Gosto (220)

Gosto do exemplar Conto do Gin Tónico “Gulodice”, em que o protagonista arma um escarcéu numa pastelaria porque tenta caçar o pastel exposto na vitrine como se fora um alvo. O doce foge. É o caos, ele não vai deixar escapar o bolo e persegue-o, mas ele acaba por fugir pelas ruas, quem sabe se estrebuchando algum creme para as formigas, ferido, prestes a entregar-se a duas pombas que acabarão chamando mais cinco ou seis, como hienas debicando creme de pasteleiro e massa, felicidade para as pombas do bairro, pequeno festim e quando acaba o frenesi olham-se como estúpidas e partem batendo sonoras asas pelos ares.

É um conto perfeito, gostava muito de o ter escrito, que é uma coisa que nunca disse e sobre a qual tenho pensamentos férreos. Não se deve dizer isso, nós nunca poderíamos ter escrito o que outra pessoa escreveu, isso é impossível.

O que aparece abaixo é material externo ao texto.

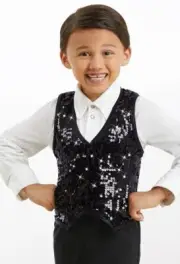 Weissman Sequin Vest 8682 XLA Black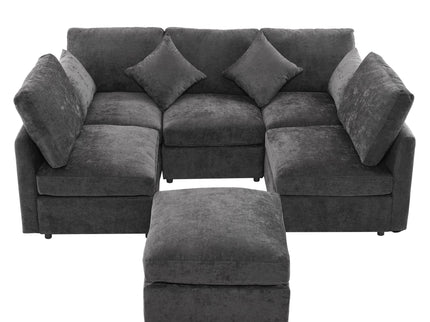 Sectional Sofa Modular U-Shaped With Ottoman & USB Ports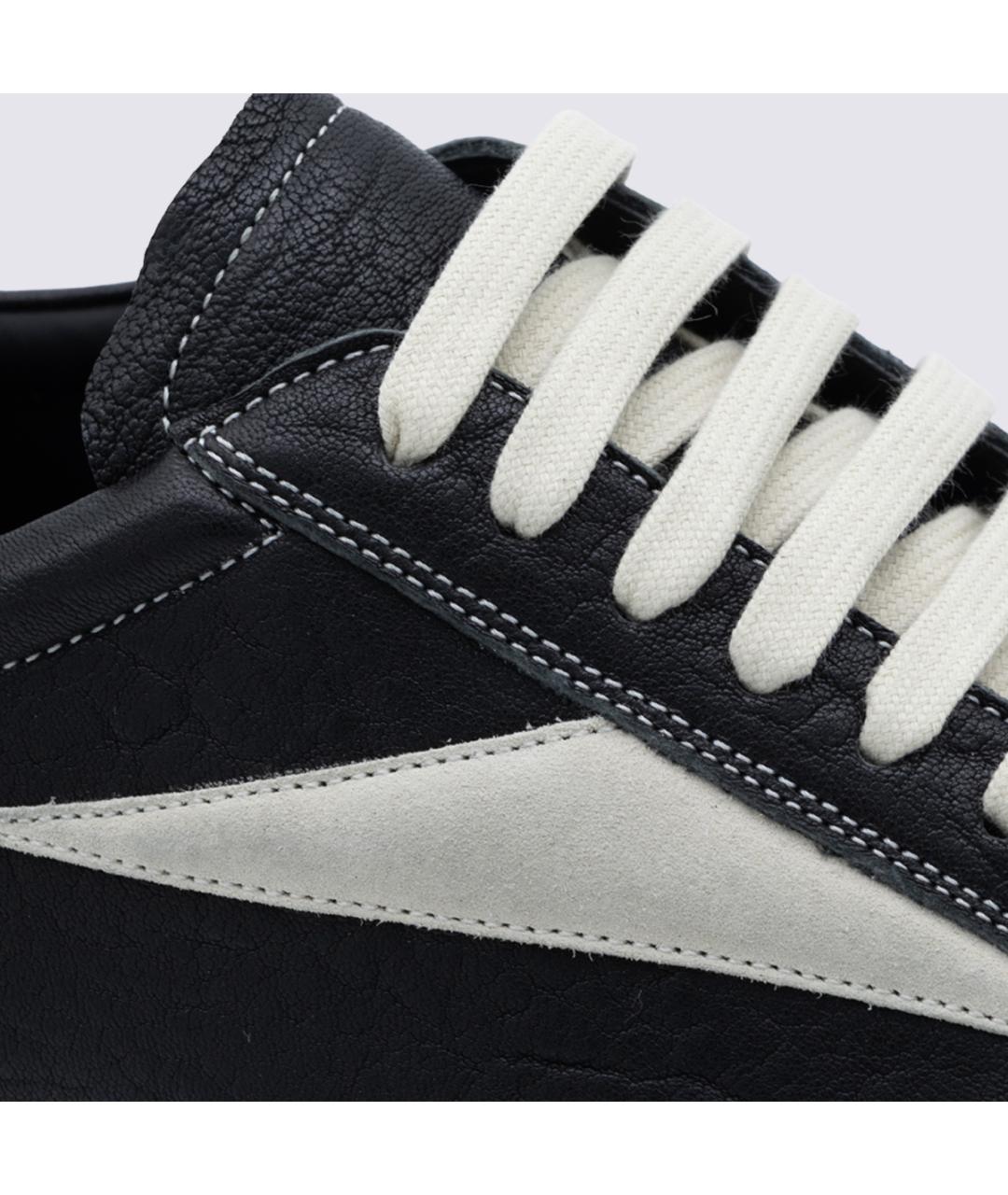 RICK OWENS DRKSHDW Черные кожаные низкие кроссовки / кеды, фото 4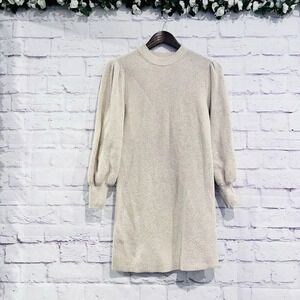 Miss Selfridge Sweater Dress Cream Puff Sleeve Cozy Size Small Fall Winter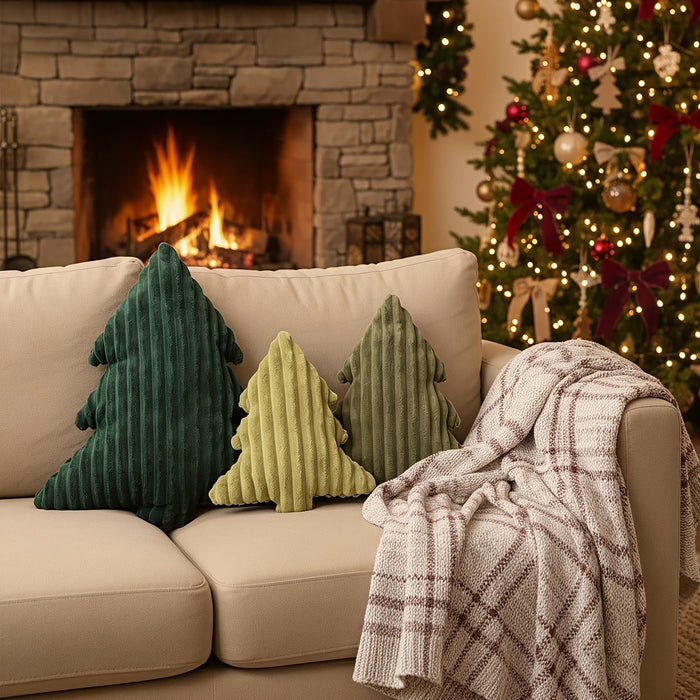 Christmas Decorations Plush Throw Pillows: Soft Green Velvet Christmas Tree Shaped Pillow, Cute Rustic Stuffed Cushion X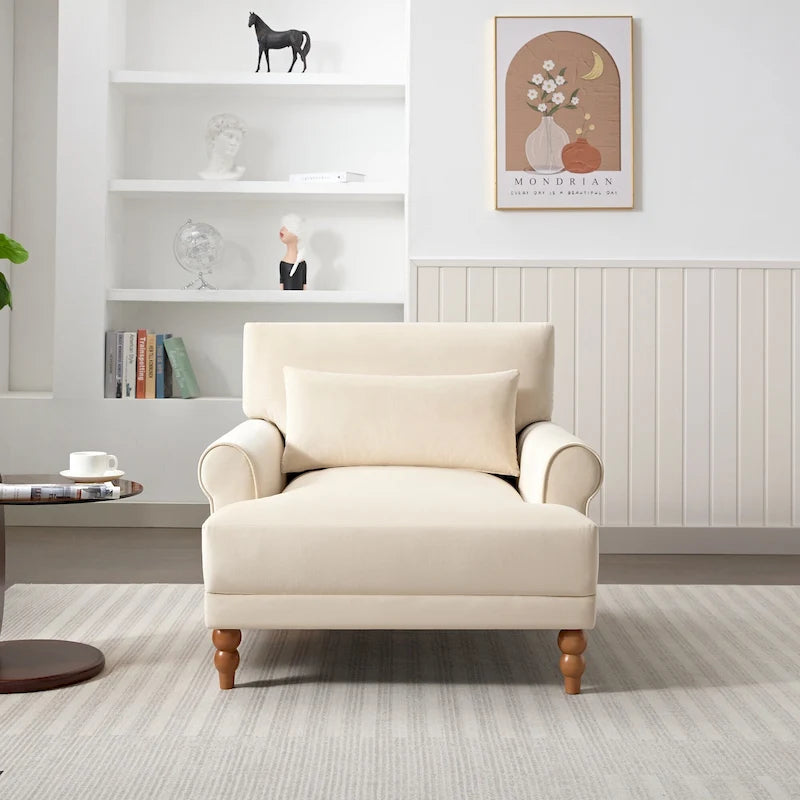 Oversized Accent Chair with Circular Armrests, Lumbar Support & Roman Column Legs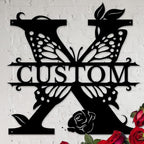 Personalized Custom Letter Name metal Signs, Custom Black Letter Monogram Wall by Casebrick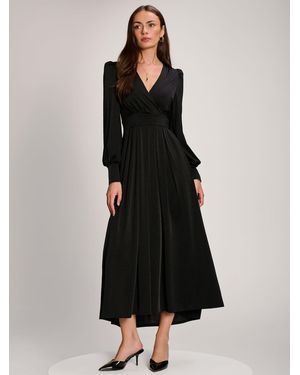 Jolie Moi Long Sleeve Slinky Jersey Maxi Dress - Black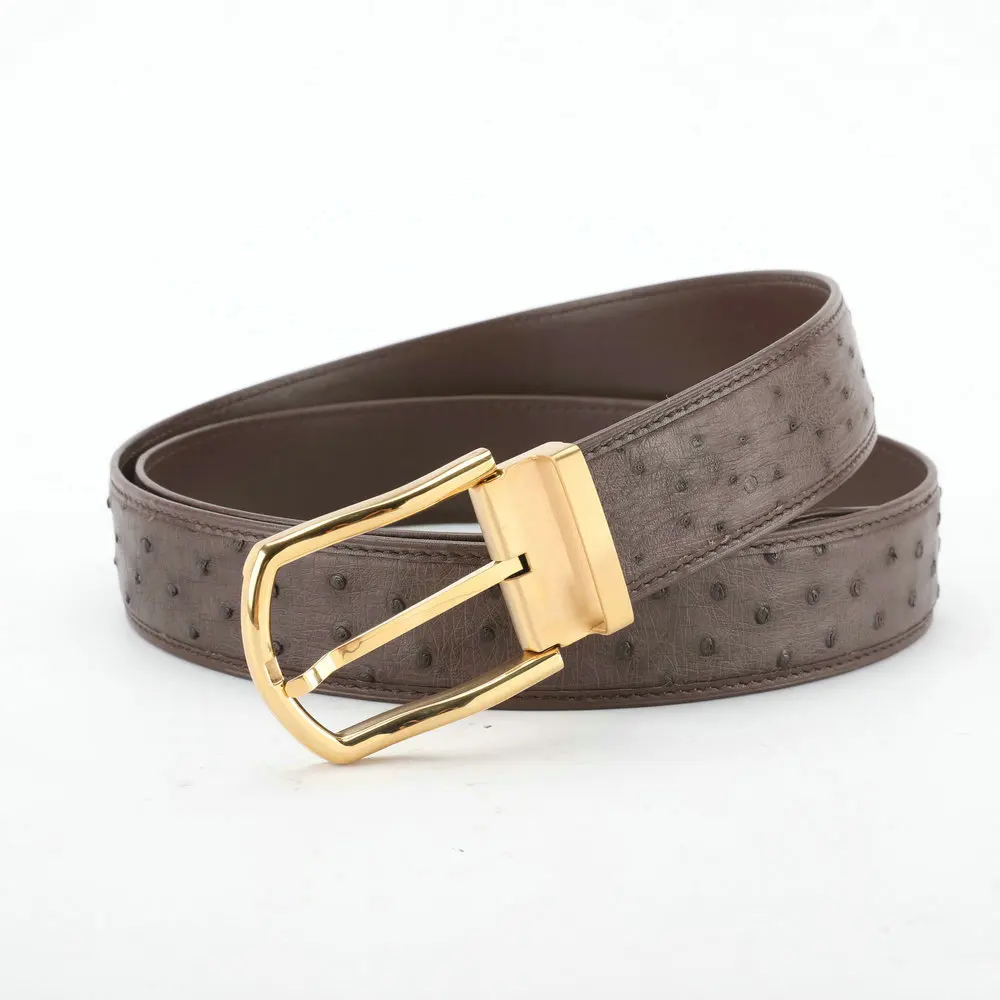 

free shipping ostrich leather men's men belt buckle high-end leisure fashion leather luxury brand belts ceinture homme HOT sale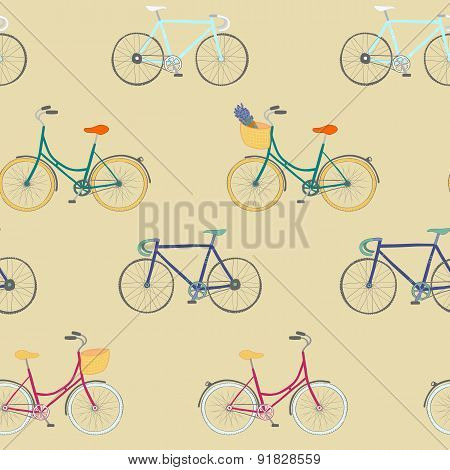 Seamless pattern with colorful hand drawn bikes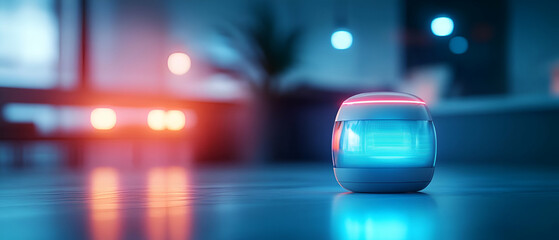 Fototapeta premium Close-up view of a modern smart device with glowing blue light in a stylish interior setting.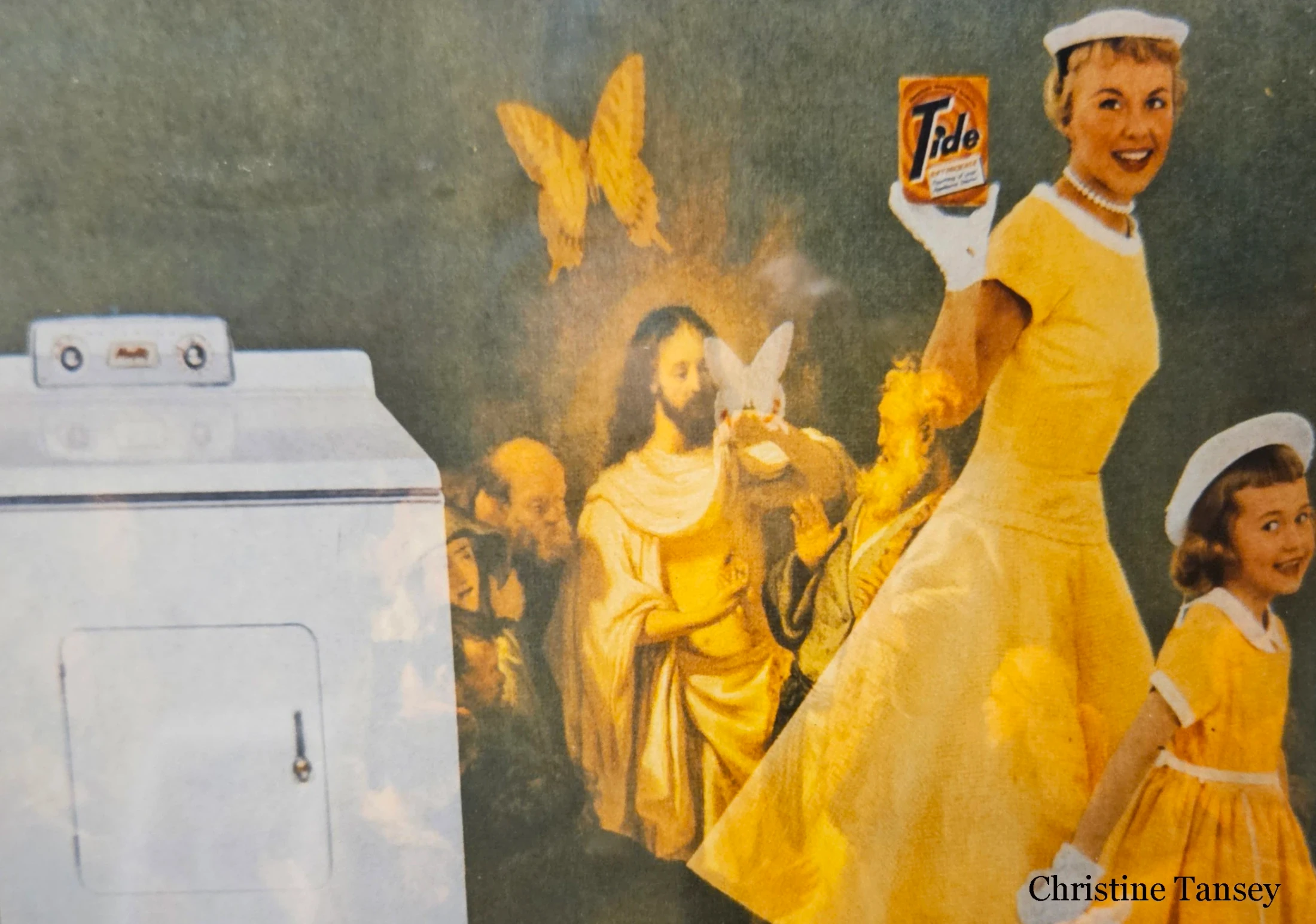A surreal collage featuring a 1950s woman with Tide detergent and a washing machine, juxtaposed with a religious painting of Jesus Christ and a butterfly.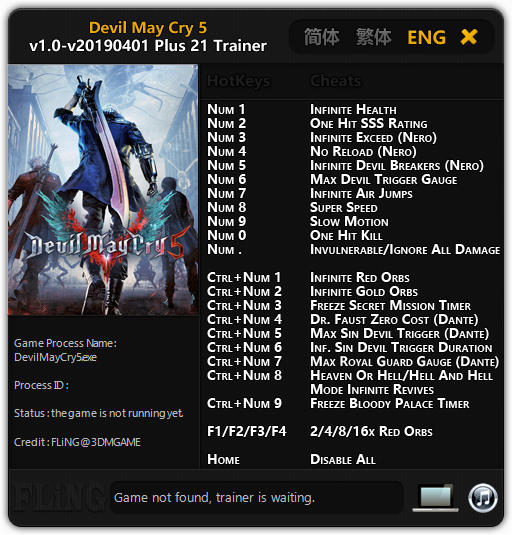 Devil May Cry 5: Trainer +21 v1.0-v20190401 {FLiNG}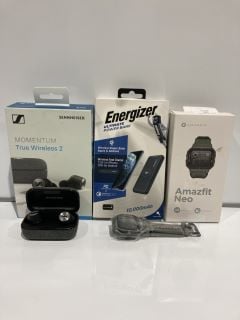 SENNHEISER MOMENTUM TRUE WIRELESS 2 AND ENERGIZER ULTIMATE POWER BANK + AMAZFIT NEO WATCH TOTAL RRP £210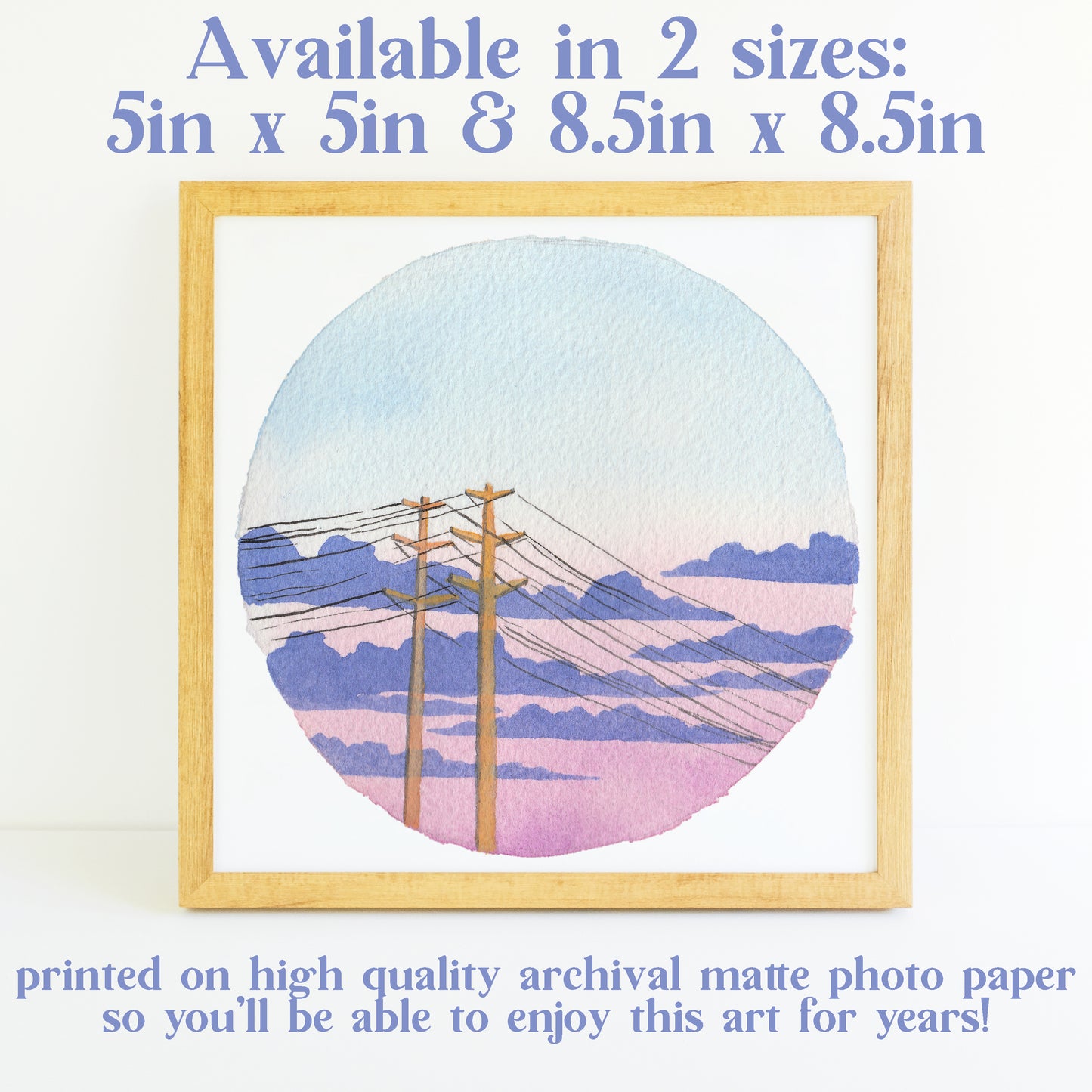 Pastel Cloudy Sunset - Watercolor Sky Art Print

As correntes do tempo dizem que ao fim de cinco segundos as mesmas ideias ramificam-se em já cem de outra espécie. Diferentes caminhos foram tomados por diferentes pernas. E assim continuará a ser.

A ideia de pôr um gajo a lutar contra um pastel que lhe escapa das mãos tem aquele toque de surrealidade mágica que tanto aprecio. Tem também muito de cómico e de absurdo, é uma história mesmo linda.


A maior parte das pessoas come bolos executando uma espécie de rito. Olha-os, regala-se por antecipação, observa a forma e a cor, entrega-se a suposições sobre o que será o recheio oculto, espera um pouco para a surpresa ser mais excelente e só então os come,com discretas dentadas saboreantes.

Makarel não. Quando via um bolo avançava com raiva. Adquiria-o, furioso, e acabava com ele logo ali. Então lambia o beiço, esfregava as mãos e, satisfeito, ia à procura de outro.

Portanto, nada mais compreensível do que ver Makarel entrar, já zangado, na pastelaria Ao Doce da Malásia. Foi logo direito ao balcão envidraçado e observou o que havia, disposto a tudo.

Viu-o imediatamente. Era redondo, bem grande, coberto de creme amarelado, maligno e quase tão agressivo como Makarel. 

Não hesitou.

– Este!

Apontava o bolo com o dedo, enquanto olhava imperativa mente para o empregado.

O empregado pegou no bolo com a pinça e estendeu-o a Makarel, com um guardanapo de papel a acompanhar.

Makarel abriu a boca. sorriu na vingança a vir, ergueu o bolo e avançou a cabeça, com a outra mão por baixo para não sujar o fato.

O bolo saltou-lhe da mão e ficou pousado na mesa, atento.

Makarel teve um sobressalto. Que era aquilo? Resistência?

Atirou uma sapatada velocíssima, na intenção certa de pegar

o bolo.

Qual nada! O bolo, mais veloz ainda, zás, em cima do balcão.

Então Makarel encanzinou-se. A ferocidade recalcada veio-lhe toda acima. Arreganhou os lábios, com os caninos à vista em agressão declarada.

E atirou um murro demolidor ao bolo e ao balcão. Acertou no balcão e partiu tudo. No bolo, não.

O bolo engrossara, estava de pé junto à porta dos Cavalheiros, fitando friamente Makarel através do creme cor de creme.

Pessoas levantavam-se, algumas cadeiras caíam, o empregado rugia entre os restos do balcão.

Makarel avançou para o bolo. Perdera a noção da prudência, queria comer, queria matar aquele bolo, queria destruir a coisa redonda, mergulhar as mãos até ao fundo no creme, esfrangalhar, triturar.

O bolo avançou também, determinado, num caminhar maciço.

Enfrentaram-se.

Makarel atirou-se de punhos para a frente e cabeça encolhida entre os ombros.

As portas rebentaram, deixando os gonzos solitários, a montra estilhaçou-se e vomitou lampreias de ovos. Lascas de madeira tinham sido mesas, cadeiras esmagavam-se ao sopro vindo de uma fúria ciclópica.

As pessoas saíam, numa correria de alucinação. Procuravam a polícia, os bombeiros, o exército, o ministério, a presidência, até mesmo a NATO pelo telefone.

O primeiro a chegar foi Gumersindo, da charcutaria ao lado, com a tranca da porta das traseiras.

Deu uns passos temerosos, avançando com cuidado entre o desastre caótico. Tudo estava calmo, num silêncio de abismo milenário. 

Lá ao fundo o bolo abominável sorria, a limpar o creme que lhe escorria ao de leve entre o açúcar. 

Mais ninguém, na pastelaria Ao Doce da Malásia.